Re: .05 level of significance

2000-10-20 Thread John Hendrickx

In article <[EMAIL PROTECTED]>, [EMAIL PROTECTED] 
says...
> 
> Actually, it often strikes me as curious that so many 
> people continue to report results as p < .05, when they 
> could in fact report the actual value.

Well, the exact value isn't really all that relevant, certainly if 
significance is smaller that .001 (who cares if it's .0009 or 9E-32?). 
Most researchers don't care about the exact p-value as long as it's less 
than .01 -- in that case the results are solid, give them two stars **. 
If the p-value is between .05 and .01, the results are significant, but 
keep an eye on them, there's a real chance these results are fluke. One 
star only *.

"A statistician is a person whose lifetime ambition is to be wrong 5% of 
the time". 


=
Instructions for joining and leaving this list and remarks about
the problem of INAPPROPRIATE MESSAGES are available at
  http://jse.stat.ncsu.edu/
=



Re: .05 level of significance

2000-10-19 Thread Herman Rubin

In article <[EMAIL PROTECTED]>,
Jerry Dallal  <[EMAIL PROTECTED]> wrote:
>"Karl L. Wuensch" wrote:

>> The origins of the silly .05 criterion of statistical significance are
>> discussed in the article:

>I disagree with the characterization.  If it were silly, it would
>not have persisted for 75 years and be so widely used today.  Anyone
>can introduce anything, but the persistence of an idea requires
>acceptance and agreement to continue using it by the intended
>audience.  The 0.05 level of signficance is a comfortable level at
>which to conduct scientific research and it does a good job of
>keeping the noise down (junk out of the scientific literature).

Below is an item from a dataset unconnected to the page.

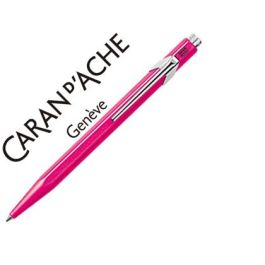 Boligrafo Caran D'Ache 849 Fluo Rosa Punta Media Precio: 10.78999955. SKU: B1ETVPJGXM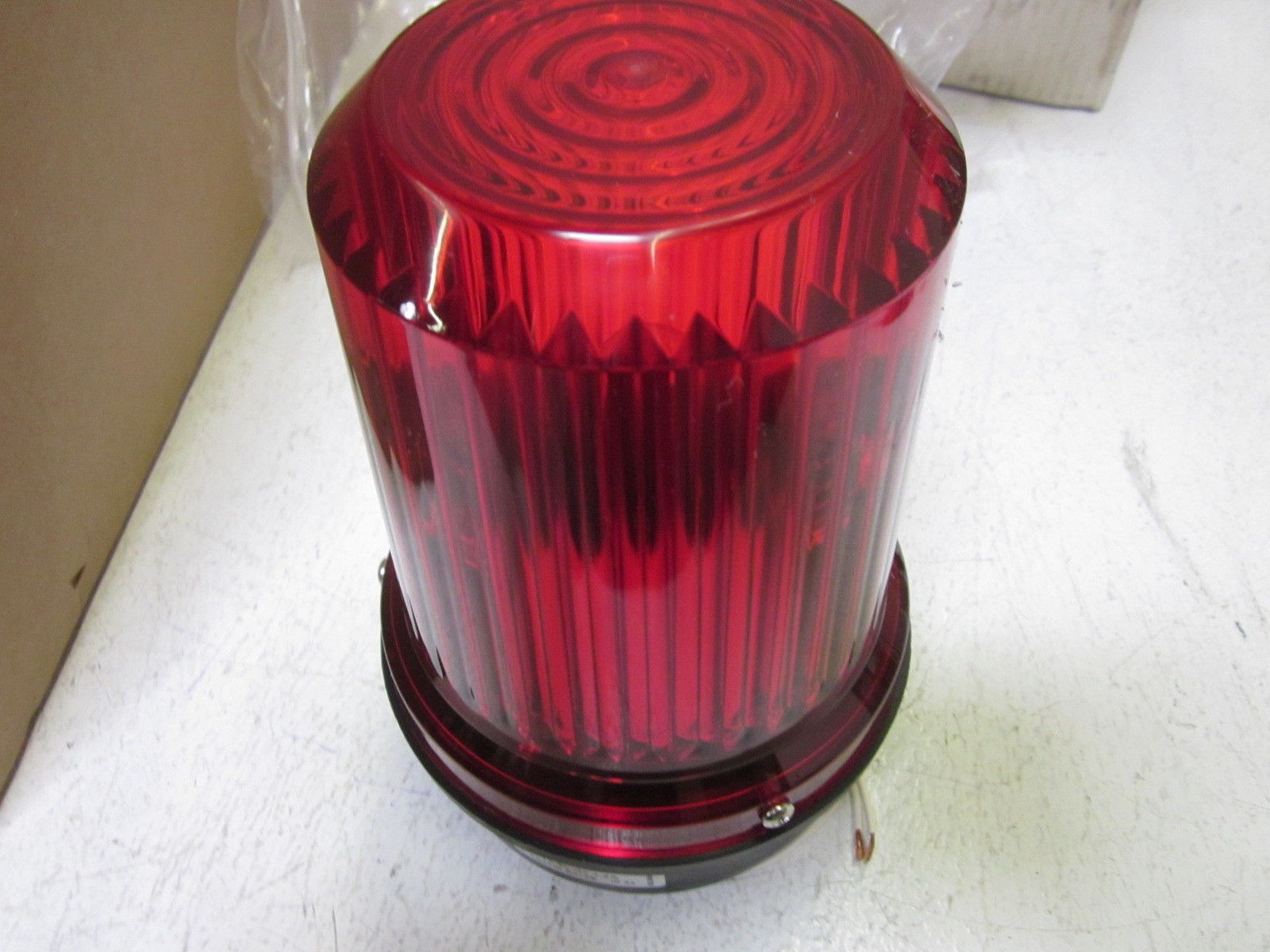 E.B.E.S REGGIO MAXILUX-F 24V 25W RED UNMP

Keeping the noise down is the only justification I have
seen; there were major attempts to come up with any grounds
on which to justify .05 or any other p-value from
principles.

As to the persistence for more than 200 years (it is that old),
it was first believed to be a measure of the probability of
correctness of the null.  By the time those using it then, as
now, as religion realized this was not the case, they were too
indoctrinated to change.  It is not that unlike the case of
well-established beliefs; showing the error is not always enough.

>(I am *not* saying 0.05 *should* be used as an *absolute* cutoff. 
>I'm merely saying that if there's a right way to do things, an
>intelligent use of 0.05 seems like a good approximation to that
>right way for a wide range of important problems!)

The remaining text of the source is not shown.